Four nominees are proposed to replace the NRG Class III directors who are up for election at the 2009 annual shareholder meeting. The nominees are Betsy S. Atkins, Ralph E. Faison, Coleman Peterson and Thomas C. Wajnert. Exelon is also proposing five nominees to fill vacancies created from the proposed expansion of the NRG board to 19 directors. Those nominees are John M. Albertine, Marjorie L. Bowen, Donald DeFosset, Jr., Richard H. Koppes and Ralph G. Wellington.

Exelon noted that if the NRG board is expanded and the entire slate of directors nominated by Exelon is elected, it will represent slightly less than a majority of NRG's board. The two remaining seats on the expanded board would remain open to NRG's own director nominees. Exelon said that its decision to leave two seats open was designed to avoid a change in control of NRG that could trigger a requirement for NRG to pay a significant amount of its debt.

"Exelon is confident that with an expanded and reconstituted NRG board, a majority of NRG directors will exercise their fiduciary duty and vote for the clear path to shareholder value," said Rowe. "Despite the substantial premium our proposal represents to NRG's stock price as of Oct. 17, 2008, and the large number of shares of common stock tendered into Exelon's exchange offer, NRG's current board and management have continued their refusal to allow due diligence -- an essential step for a company that takes its fiduciary obligations to shareholders seriously and wants to create shareholder value. We strongly encourage NRG shareholders to support the slate of director nominees, and to tender their shares into Exelon's exchange offer to further drive this point home."

Exelon announced on Oct. 19 its proposal to acquire all outstanding shares of NRG common stock at a fixed exchange ratio of 0.485 of a share of Exelon common stock for each share of NRG common stock, which represented a 37% premium for NRG stockholders based on closing prices on the New York Stock Exchange on Oct. 17, the last trading day prior to the public disclosure of the Exelon offer.

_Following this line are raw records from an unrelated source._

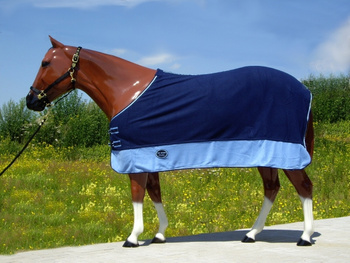 TOP SCORE Abschwitzdecke - NAVY / ROYAL - Größe 76" oder 78"
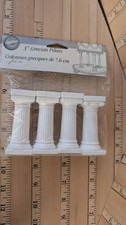 VTG New 3" Wilton Grecian Wedding Cake Pillars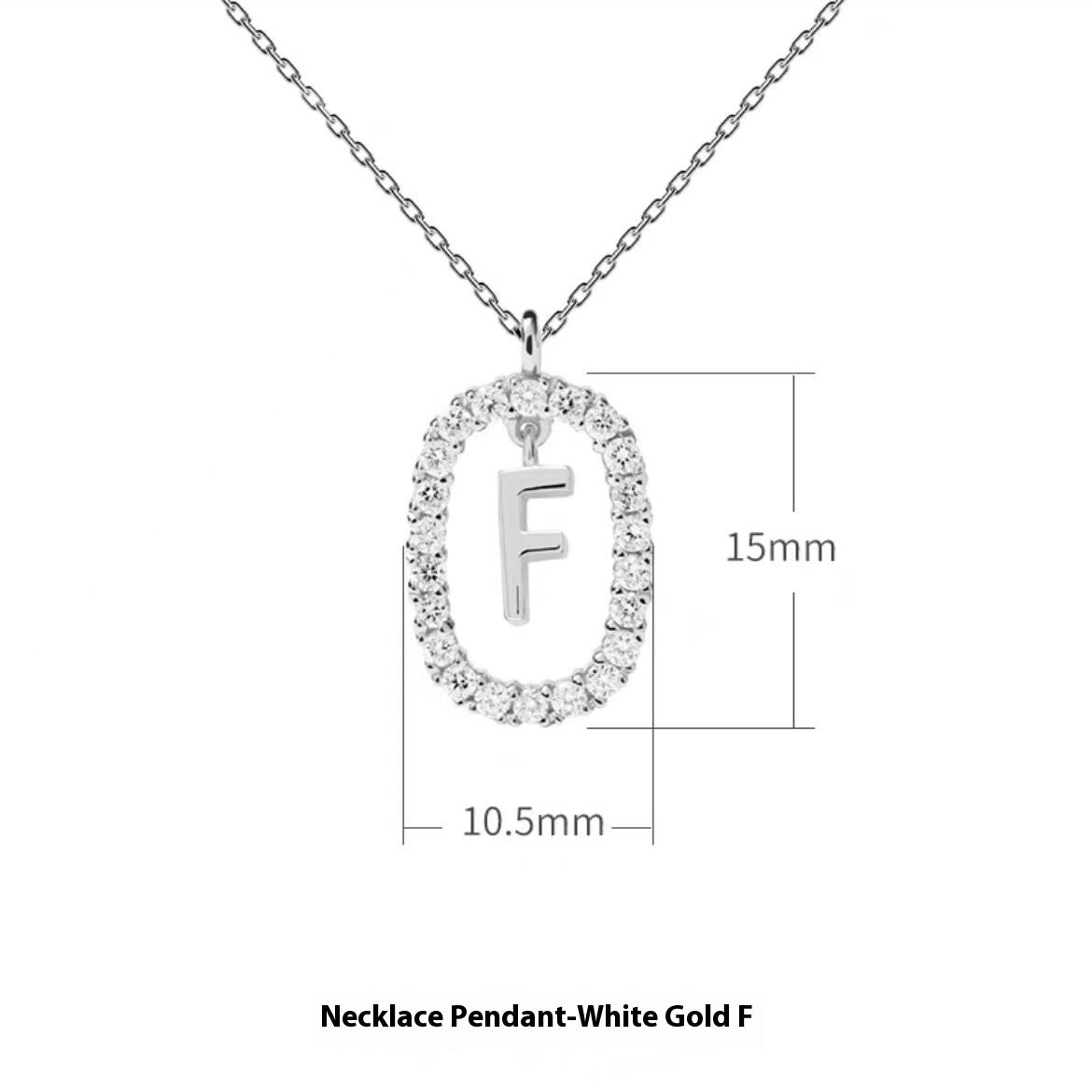 Stylish Zircon Alphabet Clavicle Chain
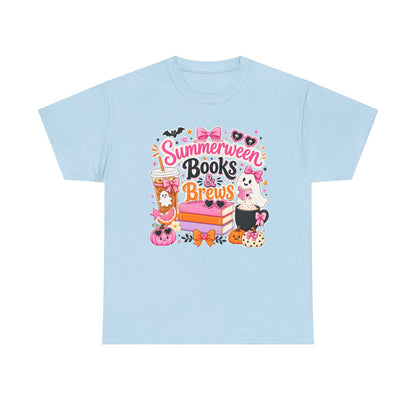 Books & Brews Tee — "Summerween" Cute Halloween Reading Shirt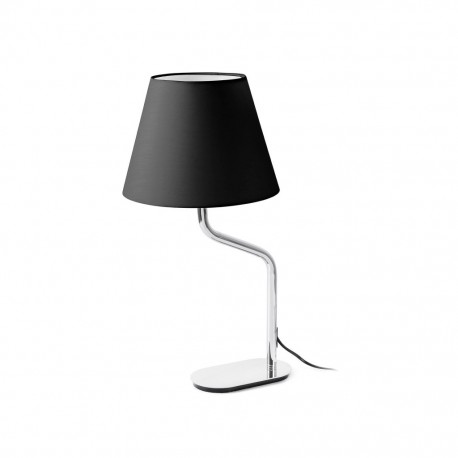 ETERNA Lampara sobremesa cromo/negra 24008-15 - FARO ILUMINACION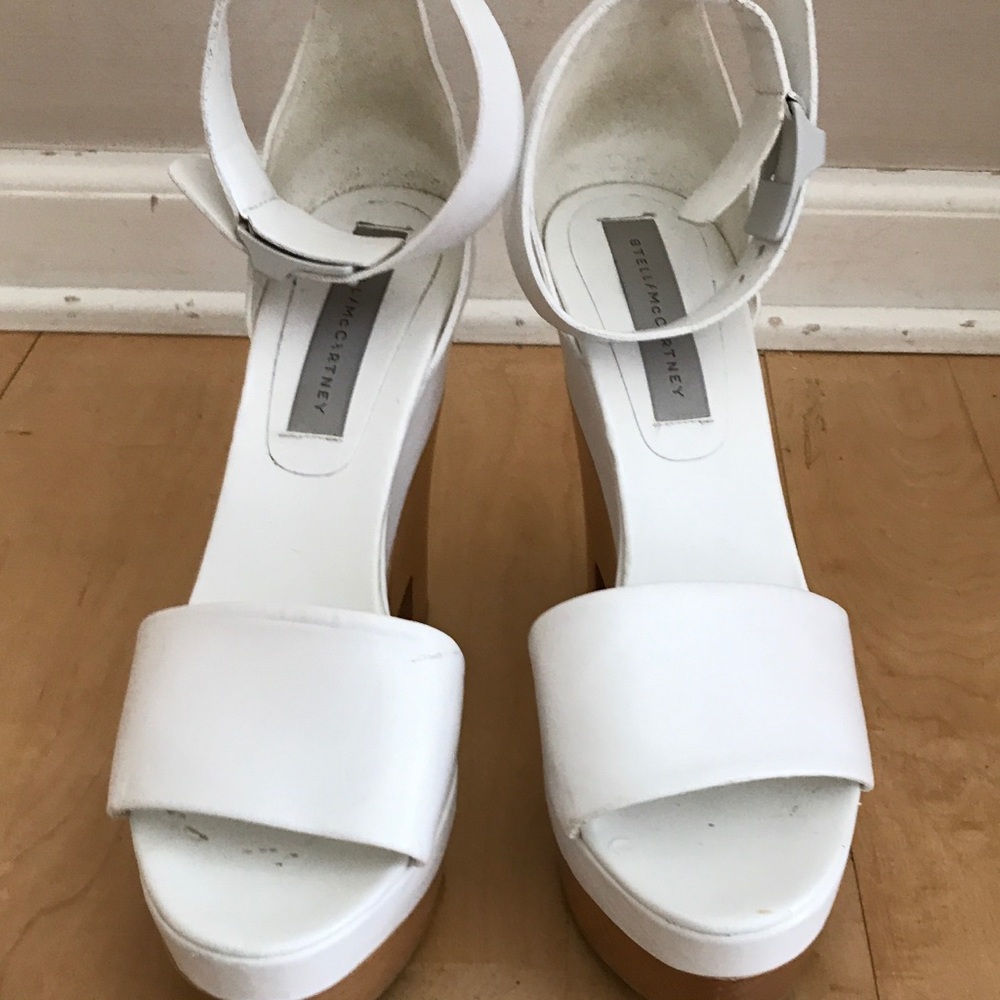 Stella McCartney white size 40 platform sandals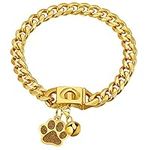 LuxLife Dog Chain Collars Gold Dog 
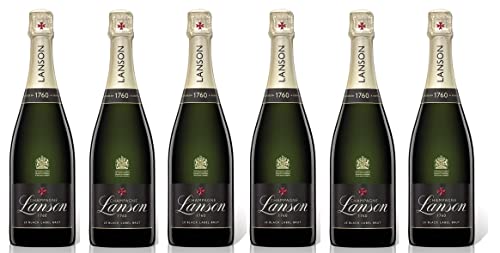 6x 0,75l - Champagne Lanson - Le Black Label - brut - Champagne A.O.P. - Frankreich - Champagner trocken von Lanson Champagne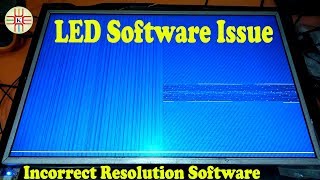 LED TV Software IssueUniversal Card Incorrect Panel Resolution Software Problem in UrduHindi [upl. by Wolfy]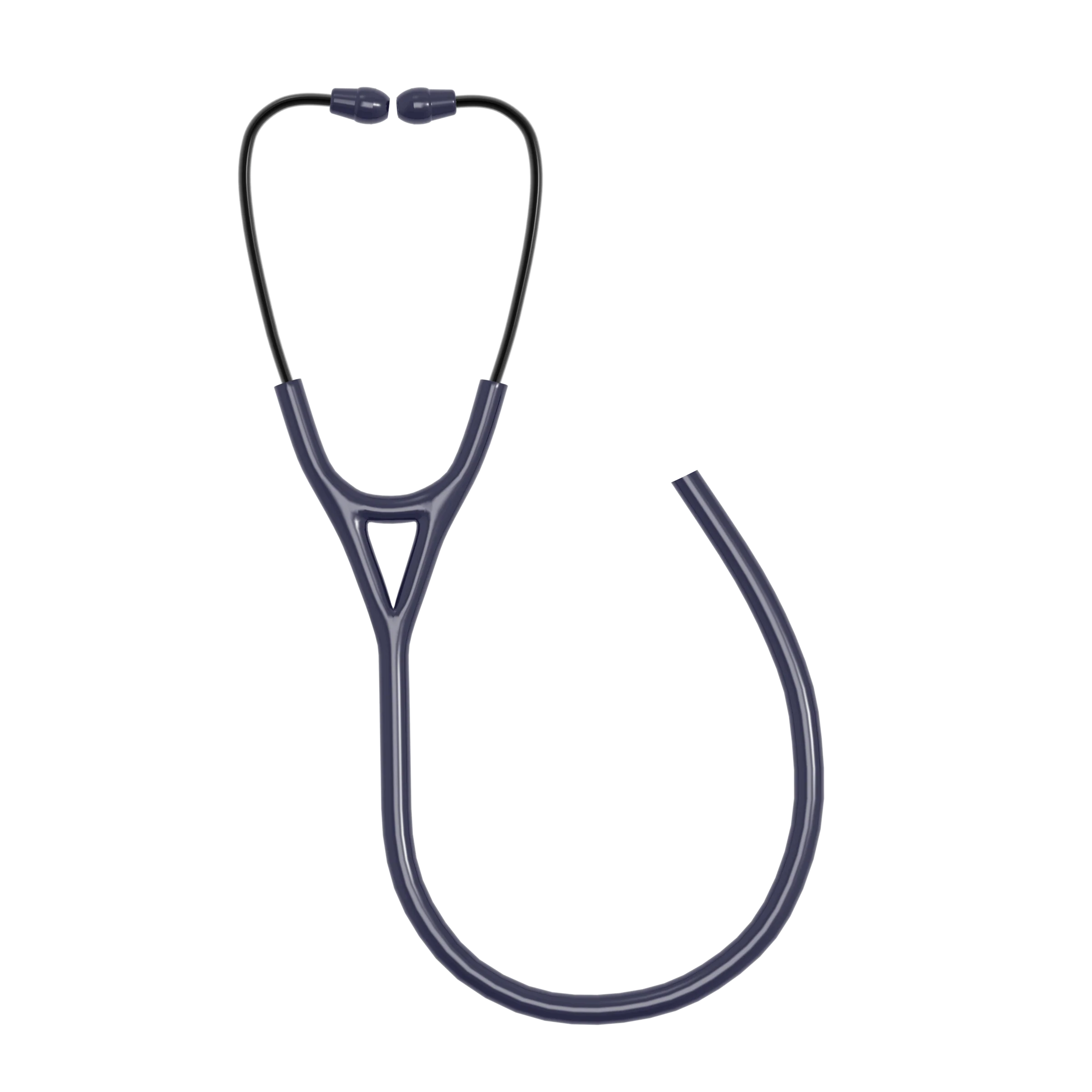 Black Stainless Steel Frame Stethoscope with Dual Lumen Tubing - Image 5
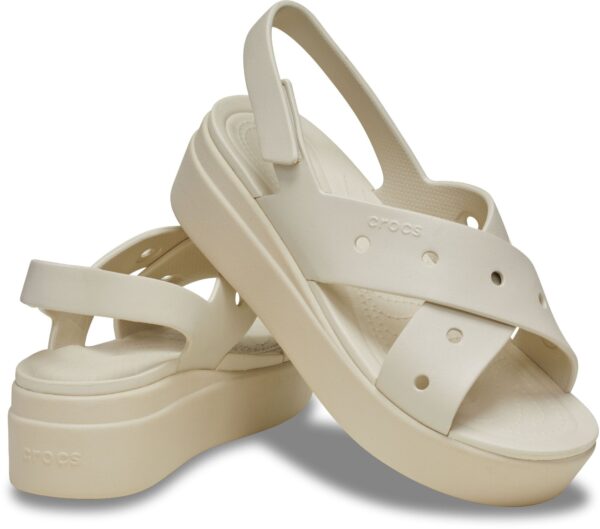 Crocs™ Brooklyn 4U Cross Strap Sandal Frappe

After NRG twice rejected the Exelon offer, Exelon brought its exchange offer directly to the NRG shareholders on Nov. 12 (see NGI, Nov. 17, 2008). In mid-December Exelon asked the Federal Energy Regulatory Commission to approve its proposed and unwelcome deal to acquire NRG. The company also filed notification with the U.S. Department of Justice and the Federal Trade Commission (see NGI, Dec. 22, 2008).